Ukrainische Soldaten auf einem Panzerfahrzeug im Raum Saporischschja

Kämpfe und erste Erfolge in Gegenoffensive in der Ukraine

Montag, 12. Juni 2023 | 16:07 Uhr

Die Ukraine berichtet von schweren Kämpfen und ersten kleineren Erfolgen im Zuge ihrer Gegenoffensive. Seit Sonntag seien vier Dörfer im Südosten zurückerobert worden, teilte Kiew am Montag mit. Es ist der schnellste Vorstoß der ukrainischen Truppen seit sieben Monaten. Ein Durchbruch der tiefen russischen Verteidigungslinien ist das aber nicht. In der Nacht auf Montag habe es rund 25 Gefechte in der Nähe von Bachmut im Osten gegeben, erklärte der ukrainische Generalstab.

Auch weiter südlich in der Nähe von Awdijwka und Marjinka sei es zu Kämpfen gekommen. Die drei Ortschaften liegen in der ostukrainischen Oblast Donezk. Auch bei Bilohoriwka in der Oblast Luhansk hätten sich ukrainische und russische Einheiten Gefechte geliefert. Das russische Verteidigungsministerium teilte mit, in Donezk und Saporischschja sei der Versuch einer ukrainischen Offensive zurückgeschlagen worden. Unabhängig überprüfen lassen sich solche Mitteilungen über das Kampfgeschehen nicht.

Während das ukrainische Militär in der vergangenen Woche weitgehend Stillschweigen über seine Gegenoffensive bewahrt hatte, meldete es nun Erfolge auf dem Schlachtfeld. “In der vergangenen Woche erlitten die russischen Invasoren in Richtung Bachmut erhebliche Verluste”, erklärte der Generalstab. Vize-Verteidigungsministerin Hanna Maljar veröffentlichte ein Foto, das nach ihren Angaben Soldaten zeigt, wie sie die ukrainische Flagge im Dorf Storoschewe in Donezk hissen.

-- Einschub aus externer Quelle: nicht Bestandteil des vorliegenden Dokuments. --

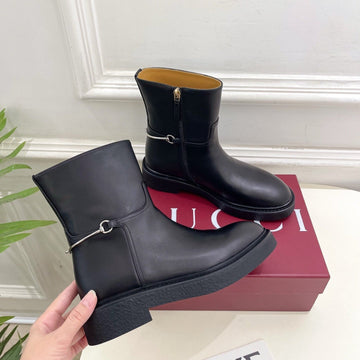 Gucci 25𝐬𝐬 Horsebit Ankle Boots Black Calfskin 435379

Maljar dankte in ihrem Post der 35. Separaten Marinebrigade dafür, dass sie Storoschewe befreit hätten – es ist das mittlerweile vierte Dorf.

Bereits am Sonntag hatte die Ukraine erklärt, ihre Truppen seien auf drei Dörfer in Donezk vorgerückt und hätten sie befreit: Blahodatne, Neskuchne und Makariwka. Ein Sprecher des ukrainischen Militärs sagte im Fernsehen, bei der Rückeroberung des Dorfes Blahodatne handle es sich um die ersten, örtlich begrenzten Erfolge der jüngsten Gegenangriffe. Es war das erste Mal, seit diese Gegenangriffe in den vergangenen Tagen gestartet wurden, dass die Befreiung eines Ortes von russischer Besatzung bekanntgegeben wurde.

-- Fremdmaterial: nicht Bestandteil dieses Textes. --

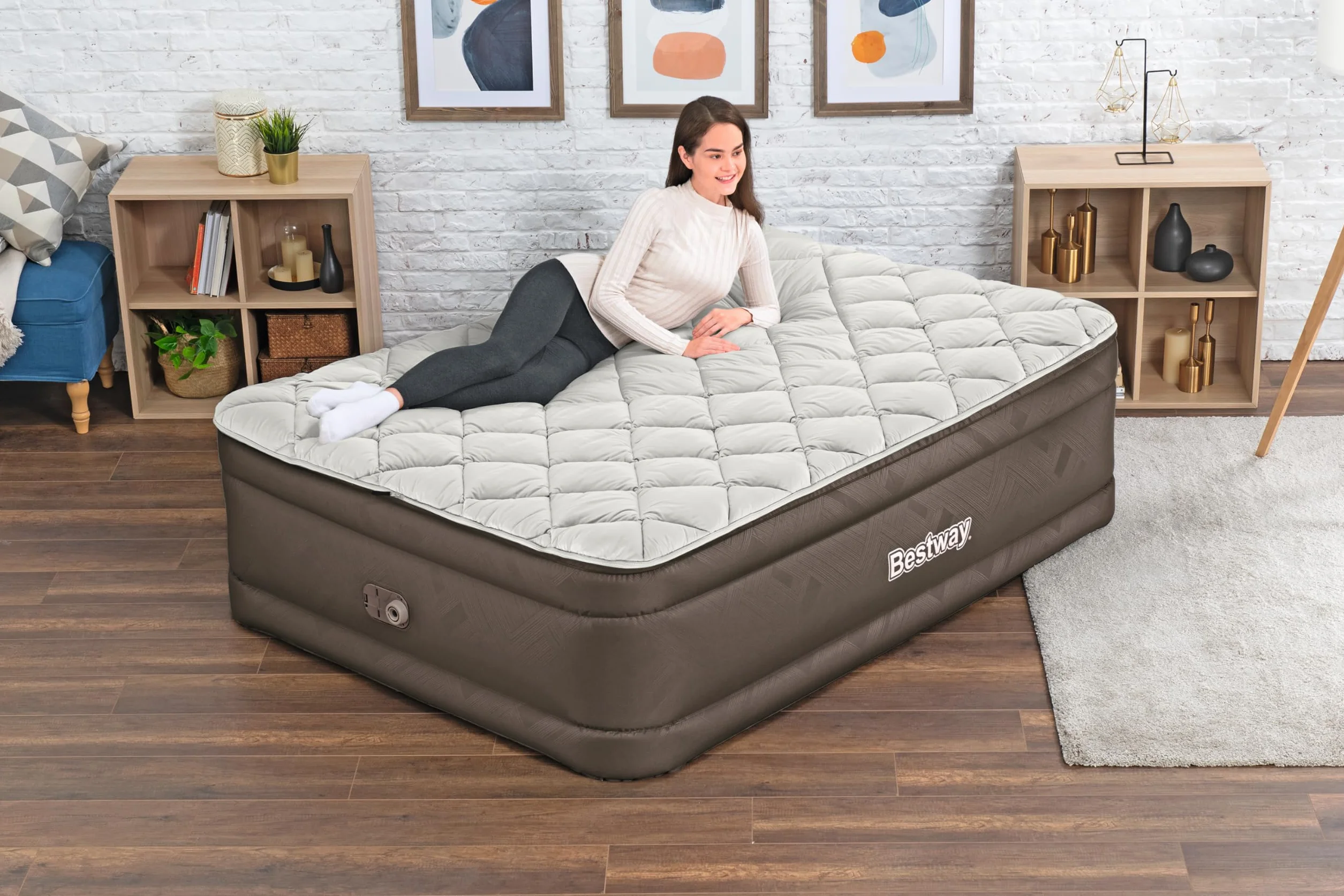 Bestway Fortech podwójny materac dmuchany 203 x 152 x 51 cm z pompą elektryczną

Der von der Führung in Kiew dargelegte Vorstoß verläuft auf einer Strecke von nur fünf Kilometern. Der Schauplatz der Gefechte ist von der Küste des Asowschen Meeres noch rund 90 Kilometer entfernt. Damit ist auch eine Teilung der von russischen Truppen besetzten Landbrücke zur annektierten Halbinsel Krim noch längst nicht erreicht.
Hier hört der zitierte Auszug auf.